» **YOUR TASK**: The expected answer comprises all lines from the entries that contain the string "Romney".

*** Opening of MATERIAL PROVIDED ***

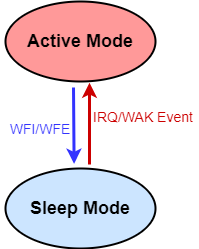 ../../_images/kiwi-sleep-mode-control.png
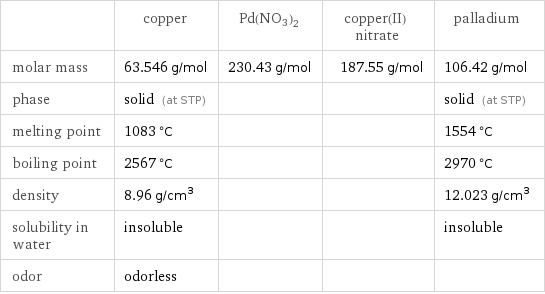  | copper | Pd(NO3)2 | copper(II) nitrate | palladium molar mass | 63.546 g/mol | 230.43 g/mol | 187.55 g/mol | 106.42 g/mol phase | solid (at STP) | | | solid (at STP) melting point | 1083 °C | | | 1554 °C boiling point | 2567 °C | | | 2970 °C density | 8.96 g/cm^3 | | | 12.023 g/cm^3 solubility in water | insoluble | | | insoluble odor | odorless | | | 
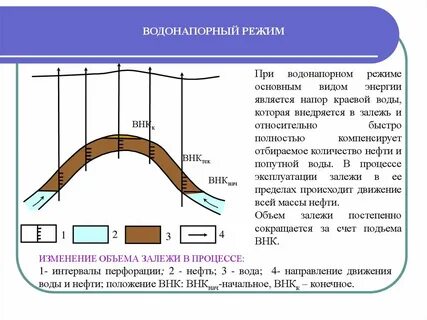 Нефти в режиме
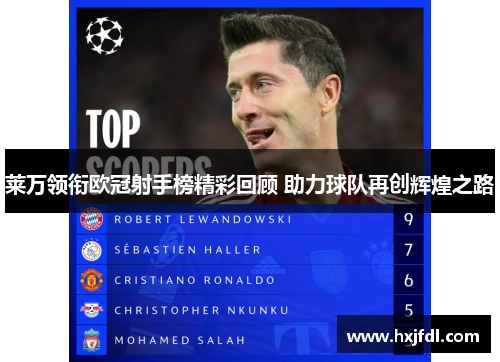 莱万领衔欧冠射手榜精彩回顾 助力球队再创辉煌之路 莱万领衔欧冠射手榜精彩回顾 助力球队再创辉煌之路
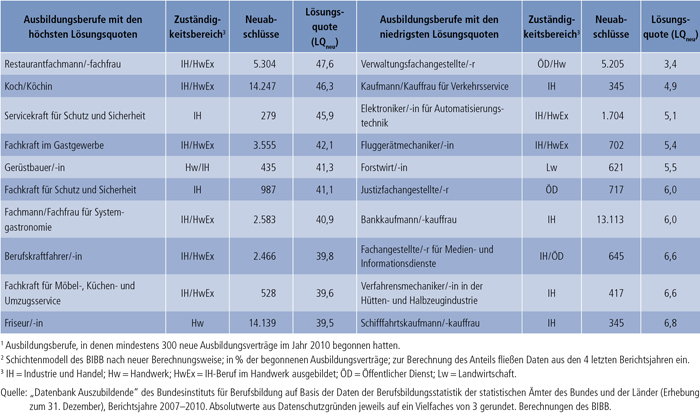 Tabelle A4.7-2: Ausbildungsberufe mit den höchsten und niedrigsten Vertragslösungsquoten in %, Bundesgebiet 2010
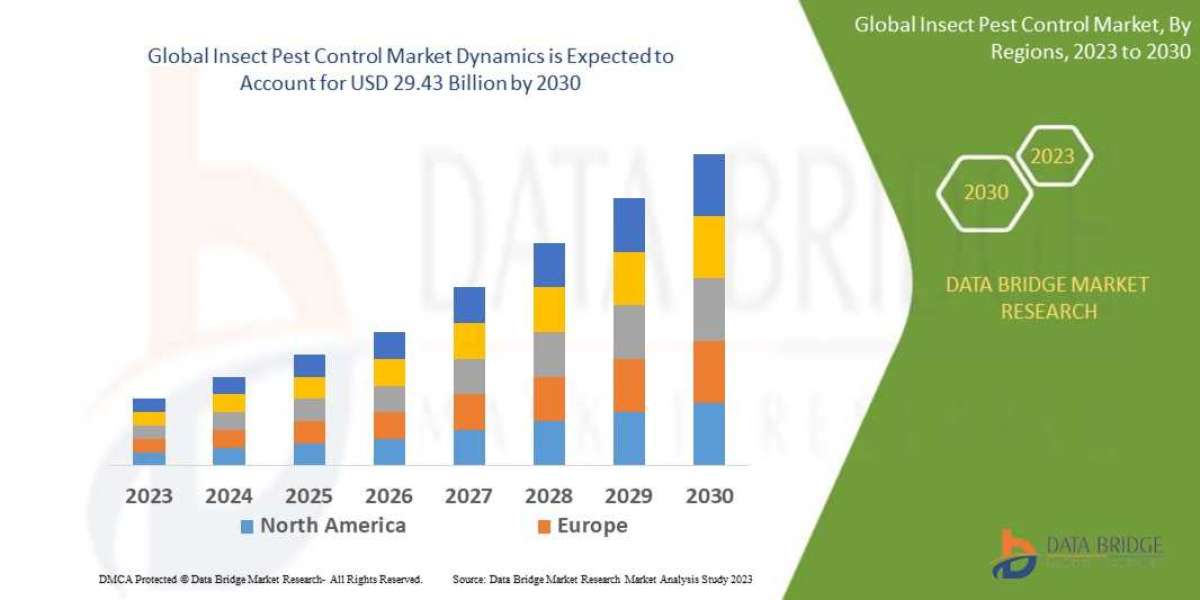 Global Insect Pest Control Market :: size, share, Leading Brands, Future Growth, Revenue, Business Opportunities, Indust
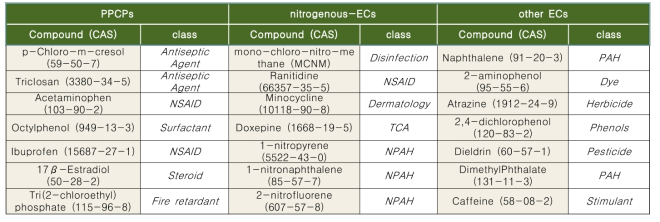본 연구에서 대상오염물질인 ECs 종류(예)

*** Close of MATERIAL PROVIDED ***
*** Opening of MATERIAL PROVIDED ***

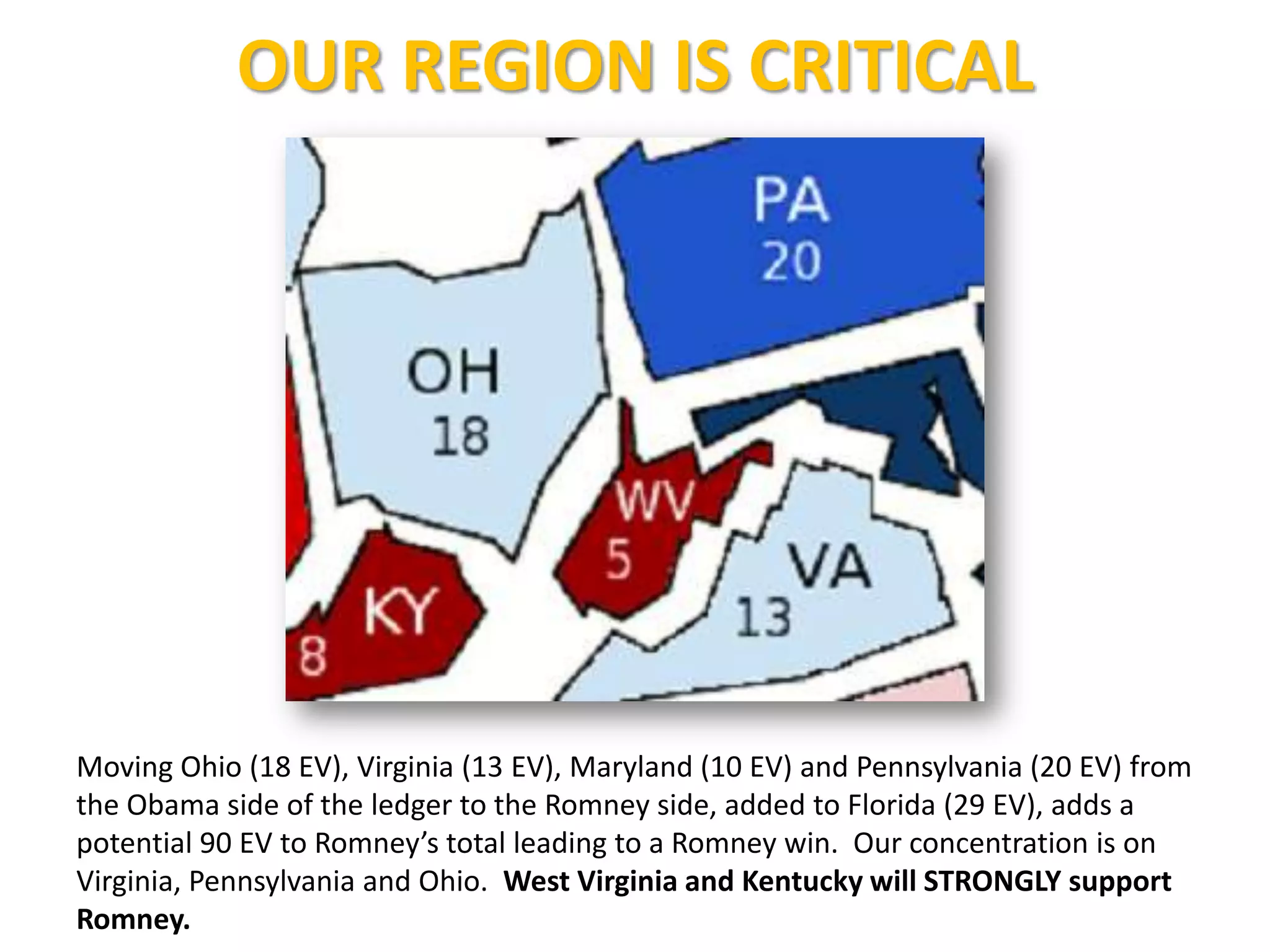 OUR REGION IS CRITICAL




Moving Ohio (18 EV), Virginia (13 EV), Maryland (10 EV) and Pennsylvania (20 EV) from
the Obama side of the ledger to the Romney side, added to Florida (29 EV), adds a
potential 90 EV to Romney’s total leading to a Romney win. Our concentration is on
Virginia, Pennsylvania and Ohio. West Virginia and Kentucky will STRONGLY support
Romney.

*** Close of MATERIAL PROVIDED ***

» **EXERCISE RESPONSE**:
the Obama side of the ledger to the Romney side, added to Florida (29 EV), adds a
potential 90 EV to Romney’s total leading to a Romney win. Our concentration is on
Romney.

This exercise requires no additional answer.